Rio de Janeiro, 07 de Setembro de 2026

Polícia Federal indicia Carla Cico, presidente da Brasil Telecom

Segunda, 11 de Abril de 2005 às 19:17, por: CdB

A Polícia Federal indiciou nesta segunda-feira a presidente da Brasil Telecom, Carla Cico, por formação de quadrilha e divulgação de segredo no caso Kroll, informou a assessoria de imprensa da PF. O advogado da ré, Nélio Machado, disse que houve indiciamento também por corrupção ativa.

Carla depôs nesta manhã por aproximadamente três horas, ainda segundo a assessoria, mas saiu sem dar declarações. A executiva chegou à sede da PF pouco antes das 10 horas demonstrando tranquilidade e até sorrindo, e prometeu que falaria com jornalistas após depor.

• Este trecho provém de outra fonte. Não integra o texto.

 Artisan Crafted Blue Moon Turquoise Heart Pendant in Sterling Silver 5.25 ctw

Na saída, perto das 14 horas, porém, ela se mostrou nervosa e não fez nenhuma declaração, dizendo apenas que não falaria mais com a imprensa. Um dos advogados que a acompanhava, Antônio Carlos de Almeida Castro, chegou a afirmar que o depoimento foi "tranquilo."

A assessoria de imprensa da PF informou ainda que o empresário Daniel Dantas, sócio do gestor de fundos Opportunity, deve ser intimado na terça-feira, no Rio de Janeiro, mas não divulgou a data do depoimento. De acordo com o advogado Almeida Castro, o depoimento de Dantas deve acontecer no dia seguinte à entrega da intimação.

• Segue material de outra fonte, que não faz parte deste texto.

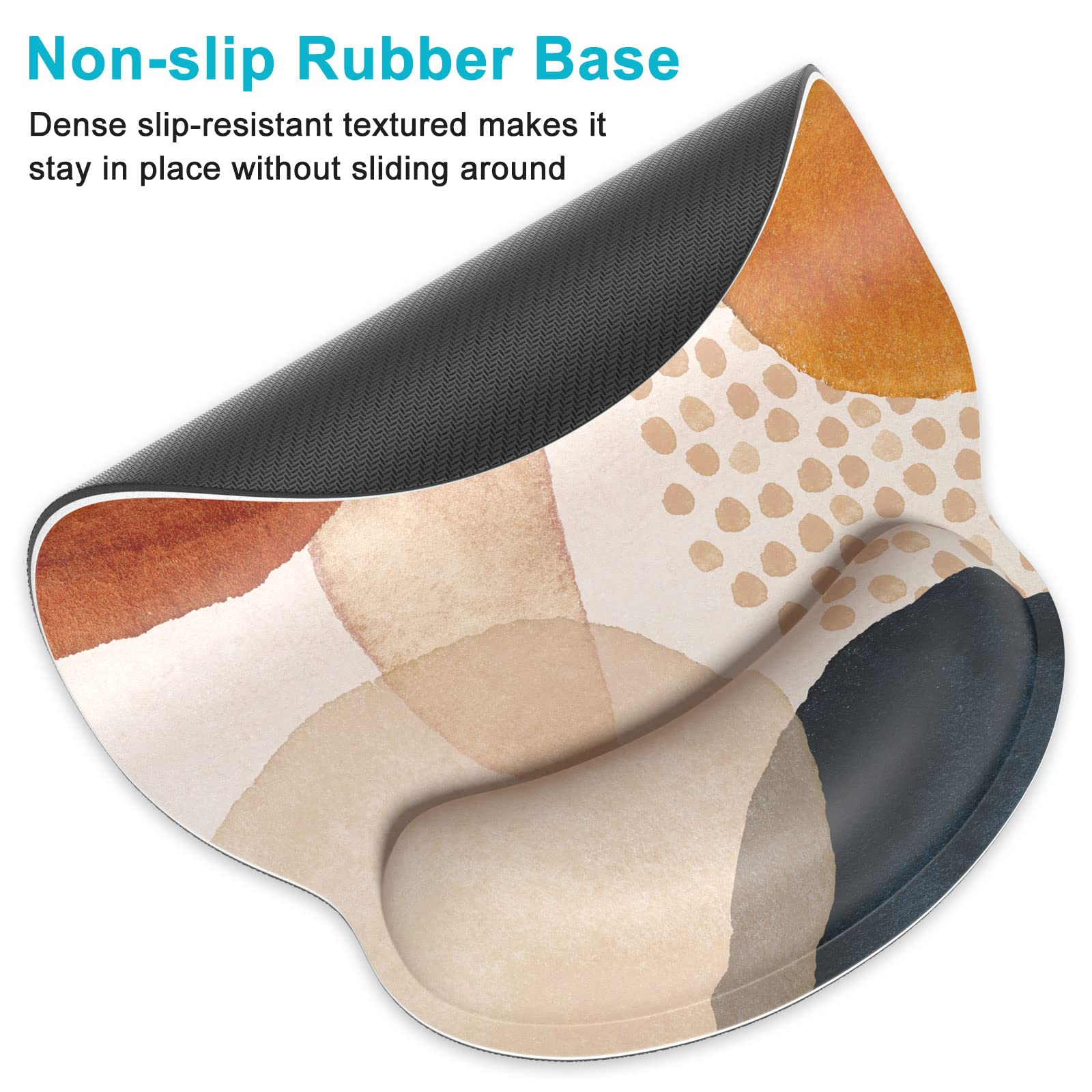 Ergonomic Mouse Pad with Memory Foam Wrist Rest - Comfortable Wireless Mouse Mat for Office & Gaming - Pain Relief Computer Mousepad for Laptop & Desk Work - Abstract Marble Design - Perfect for Long Hours of Typing and Gaming Sessions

A pena para formação de quadrilha é de 1 a 3 anos de prisão e, para violação de segredo (que acontece quando existe divulgação de dados considerados sigilosos pela lei), de 1 a 4 anos.

Os dois executivos foram investigados pela PF por causa das atividades da consultoria de risco Kroll, contratada pela Brasil Telecom para investigar a Telecom Italia, com quem o Opportunity trava batalha pelo controle da operadora, a terceira maior da telefonia brasileira. A polícia investiga se a Kroll adotou métodos ilegais para fazer seu trabalho.

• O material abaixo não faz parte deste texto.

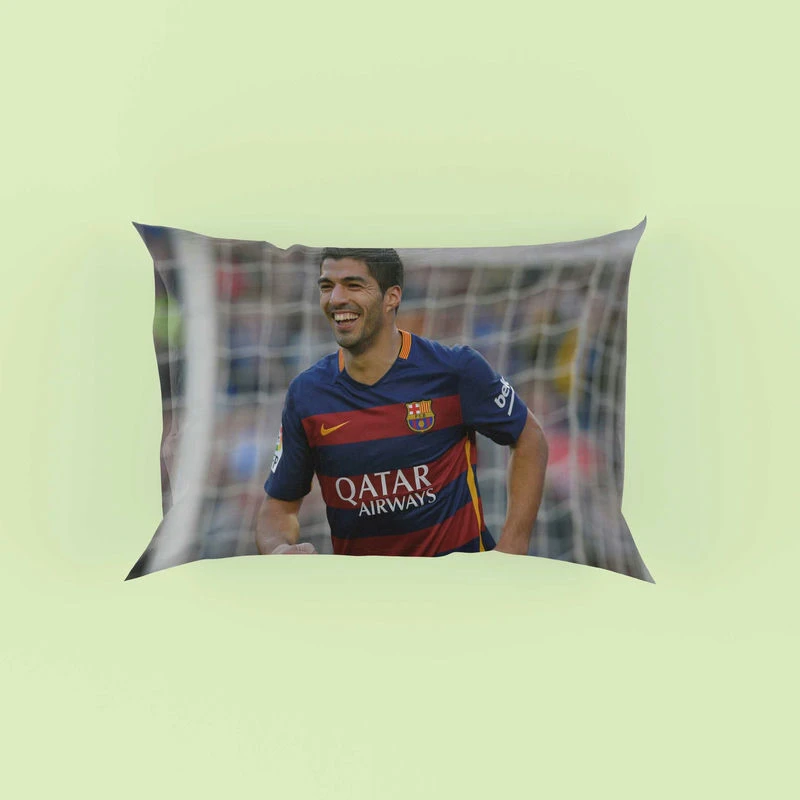 Energetic Barca Soccer Player Luis Suarez Pillow Case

Uma fonte próxima ao processo informou recentemente à Reuters que a situação de Carla e Dantas é similar, ou seja, existem indícios de que ambos teriam cometido os mesmos crimes ao contratar a Kroll. A presidente da Brasil Telecom assumiu a operadora por indicação do Opportunity.

A PF tentou, no último mês, intimar os executivos para depor, sem sucesso. Os dois estiveram fora do país por várias semanas a trabalho, segundo seus advogados. Na semana passada, a PF chegou a entrar com mandado de prisão contra eles, negado pela 5a Vara da Justiça Federal de São Paulo. O juiz exigiu, no entanto, que os advogados acertassem datas para a intimação de ambos.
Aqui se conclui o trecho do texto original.